__ABOUT THIS EXERCISE__
Reproduce the records exactly through the line with "a wrapped present".

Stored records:
=-=-=-=-=

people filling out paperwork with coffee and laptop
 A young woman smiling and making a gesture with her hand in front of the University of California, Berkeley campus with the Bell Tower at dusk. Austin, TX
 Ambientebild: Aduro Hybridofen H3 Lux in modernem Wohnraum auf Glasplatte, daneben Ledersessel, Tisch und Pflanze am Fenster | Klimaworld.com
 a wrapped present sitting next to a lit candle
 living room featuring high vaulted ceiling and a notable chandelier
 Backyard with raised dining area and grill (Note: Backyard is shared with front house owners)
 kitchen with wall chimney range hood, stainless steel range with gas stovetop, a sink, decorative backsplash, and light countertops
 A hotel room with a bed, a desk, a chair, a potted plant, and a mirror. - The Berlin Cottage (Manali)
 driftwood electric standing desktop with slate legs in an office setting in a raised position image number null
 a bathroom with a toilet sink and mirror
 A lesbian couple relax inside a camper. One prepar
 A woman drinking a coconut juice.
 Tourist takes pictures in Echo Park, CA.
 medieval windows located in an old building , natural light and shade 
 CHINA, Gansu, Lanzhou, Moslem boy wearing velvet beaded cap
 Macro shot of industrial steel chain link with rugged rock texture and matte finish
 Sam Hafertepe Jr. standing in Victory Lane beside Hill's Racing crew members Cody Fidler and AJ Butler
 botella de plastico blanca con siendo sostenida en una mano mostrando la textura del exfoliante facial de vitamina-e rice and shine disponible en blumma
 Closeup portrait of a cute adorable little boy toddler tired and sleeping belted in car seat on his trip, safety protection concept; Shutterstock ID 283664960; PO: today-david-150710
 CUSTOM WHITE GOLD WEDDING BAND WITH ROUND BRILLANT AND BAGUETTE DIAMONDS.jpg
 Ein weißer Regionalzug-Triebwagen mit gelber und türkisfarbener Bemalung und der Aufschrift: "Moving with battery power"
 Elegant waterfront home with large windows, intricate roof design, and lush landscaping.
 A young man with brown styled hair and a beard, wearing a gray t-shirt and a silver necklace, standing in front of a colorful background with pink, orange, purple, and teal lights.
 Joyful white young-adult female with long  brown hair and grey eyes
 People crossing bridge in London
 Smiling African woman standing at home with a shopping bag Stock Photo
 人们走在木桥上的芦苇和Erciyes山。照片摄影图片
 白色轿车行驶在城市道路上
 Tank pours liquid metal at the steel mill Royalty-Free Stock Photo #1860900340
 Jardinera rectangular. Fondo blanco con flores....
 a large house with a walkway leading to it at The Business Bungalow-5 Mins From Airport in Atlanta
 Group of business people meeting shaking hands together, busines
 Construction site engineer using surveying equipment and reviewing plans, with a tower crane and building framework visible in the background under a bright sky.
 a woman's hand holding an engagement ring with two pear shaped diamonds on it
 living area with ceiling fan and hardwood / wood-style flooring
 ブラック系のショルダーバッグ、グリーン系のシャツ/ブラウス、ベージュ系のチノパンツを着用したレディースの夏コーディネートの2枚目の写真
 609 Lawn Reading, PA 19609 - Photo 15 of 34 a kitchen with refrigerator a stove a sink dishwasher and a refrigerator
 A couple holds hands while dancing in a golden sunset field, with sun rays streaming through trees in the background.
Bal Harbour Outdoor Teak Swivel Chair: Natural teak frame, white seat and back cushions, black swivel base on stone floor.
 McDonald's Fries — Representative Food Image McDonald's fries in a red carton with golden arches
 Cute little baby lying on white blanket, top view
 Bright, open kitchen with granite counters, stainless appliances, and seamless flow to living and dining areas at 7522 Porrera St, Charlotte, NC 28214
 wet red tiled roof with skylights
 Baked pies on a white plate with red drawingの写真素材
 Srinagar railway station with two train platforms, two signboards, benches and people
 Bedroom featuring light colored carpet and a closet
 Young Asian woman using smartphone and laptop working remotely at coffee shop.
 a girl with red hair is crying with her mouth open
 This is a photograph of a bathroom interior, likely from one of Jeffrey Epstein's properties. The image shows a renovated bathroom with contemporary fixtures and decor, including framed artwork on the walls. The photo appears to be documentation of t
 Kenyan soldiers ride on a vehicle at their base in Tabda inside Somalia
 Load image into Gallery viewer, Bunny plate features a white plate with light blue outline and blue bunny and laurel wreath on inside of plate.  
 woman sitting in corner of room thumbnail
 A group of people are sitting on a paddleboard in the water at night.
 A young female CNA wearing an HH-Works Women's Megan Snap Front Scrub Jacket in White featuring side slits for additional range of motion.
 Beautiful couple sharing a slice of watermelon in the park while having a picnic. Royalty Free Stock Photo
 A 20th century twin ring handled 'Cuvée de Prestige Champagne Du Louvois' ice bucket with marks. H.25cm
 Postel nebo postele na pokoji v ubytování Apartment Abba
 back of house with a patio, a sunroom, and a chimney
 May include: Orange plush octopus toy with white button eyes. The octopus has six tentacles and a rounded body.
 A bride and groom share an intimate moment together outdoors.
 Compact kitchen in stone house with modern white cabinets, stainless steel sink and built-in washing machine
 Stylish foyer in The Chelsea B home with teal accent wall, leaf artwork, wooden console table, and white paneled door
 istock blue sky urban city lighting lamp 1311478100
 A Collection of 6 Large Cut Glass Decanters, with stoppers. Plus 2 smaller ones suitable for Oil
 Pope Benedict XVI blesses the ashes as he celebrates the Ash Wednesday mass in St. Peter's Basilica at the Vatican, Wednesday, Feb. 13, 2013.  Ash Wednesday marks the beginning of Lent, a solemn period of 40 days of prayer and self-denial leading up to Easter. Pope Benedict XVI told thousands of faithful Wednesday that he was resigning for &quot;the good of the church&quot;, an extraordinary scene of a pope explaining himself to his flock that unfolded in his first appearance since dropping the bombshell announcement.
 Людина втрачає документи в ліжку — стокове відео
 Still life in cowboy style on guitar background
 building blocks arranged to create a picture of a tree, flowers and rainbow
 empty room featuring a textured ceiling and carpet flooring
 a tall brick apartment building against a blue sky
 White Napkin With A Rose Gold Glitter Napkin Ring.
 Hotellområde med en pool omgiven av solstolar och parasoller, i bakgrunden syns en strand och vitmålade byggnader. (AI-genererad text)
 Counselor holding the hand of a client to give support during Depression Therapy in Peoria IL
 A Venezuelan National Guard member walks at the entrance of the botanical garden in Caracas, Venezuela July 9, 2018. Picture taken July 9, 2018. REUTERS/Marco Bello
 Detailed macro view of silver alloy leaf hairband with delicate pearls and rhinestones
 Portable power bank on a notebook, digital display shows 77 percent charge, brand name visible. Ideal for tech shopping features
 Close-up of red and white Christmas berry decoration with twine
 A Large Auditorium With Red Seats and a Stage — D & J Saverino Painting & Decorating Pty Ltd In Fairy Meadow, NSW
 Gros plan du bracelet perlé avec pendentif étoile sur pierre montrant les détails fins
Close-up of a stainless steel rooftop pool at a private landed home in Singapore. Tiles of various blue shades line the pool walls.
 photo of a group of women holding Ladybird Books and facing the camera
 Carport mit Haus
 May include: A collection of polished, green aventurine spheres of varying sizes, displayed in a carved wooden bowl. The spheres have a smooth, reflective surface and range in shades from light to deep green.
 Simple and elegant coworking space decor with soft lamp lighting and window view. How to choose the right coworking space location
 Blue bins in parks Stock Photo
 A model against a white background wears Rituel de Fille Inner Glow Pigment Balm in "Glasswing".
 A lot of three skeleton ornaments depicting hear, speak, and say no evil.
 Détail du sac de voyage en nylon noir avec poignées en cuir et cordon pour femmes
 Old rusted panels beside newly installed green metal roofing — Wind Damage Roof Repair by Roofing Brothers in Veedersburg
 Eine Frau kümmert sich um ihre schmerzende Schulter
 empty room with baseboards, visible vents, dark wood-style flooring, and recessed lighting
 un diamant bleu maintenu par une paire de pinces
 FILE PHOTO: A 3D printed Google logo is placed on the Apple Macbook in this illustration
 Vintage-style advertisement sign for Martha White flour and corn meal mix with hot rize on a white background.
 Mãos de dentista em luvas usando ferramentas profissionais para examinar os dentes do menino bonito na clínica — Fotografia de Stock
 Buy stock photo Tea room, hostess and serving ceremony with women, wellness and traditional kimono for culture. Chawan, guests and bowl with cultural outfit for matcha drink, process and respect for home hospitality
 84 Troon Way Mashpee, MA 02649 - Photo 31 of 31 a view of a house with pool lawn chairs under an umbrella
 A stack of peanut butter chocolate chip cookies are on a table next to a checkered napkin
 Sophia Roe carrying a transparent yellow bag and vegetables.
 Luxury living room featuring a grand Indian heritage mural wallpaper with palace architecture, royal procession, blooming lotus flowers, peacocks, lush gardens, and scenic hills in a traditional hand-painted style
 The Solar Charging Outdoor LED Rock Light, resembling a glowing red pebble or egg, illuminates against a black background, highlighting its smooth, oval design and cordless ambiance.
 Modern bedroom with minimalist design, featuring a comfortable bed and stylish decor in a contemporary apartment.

=-=-=-=-=

__ANSWER BOX__
people filling out paperwork with coffee and laptop
 A young woman smiling and making a gesture with her hand in front of the University of California, Berkeley campus with the Bell Tower at dusk. Austin, TX
 Ambientebild: Aduro Hybridofen H3 Lux in modernem Wohnraum auf Glasplatte, daneben Ledersessel, Tisch und Pflanze am Fenster | Klimaworld.com
 a wrapped present sitting next to a lit candle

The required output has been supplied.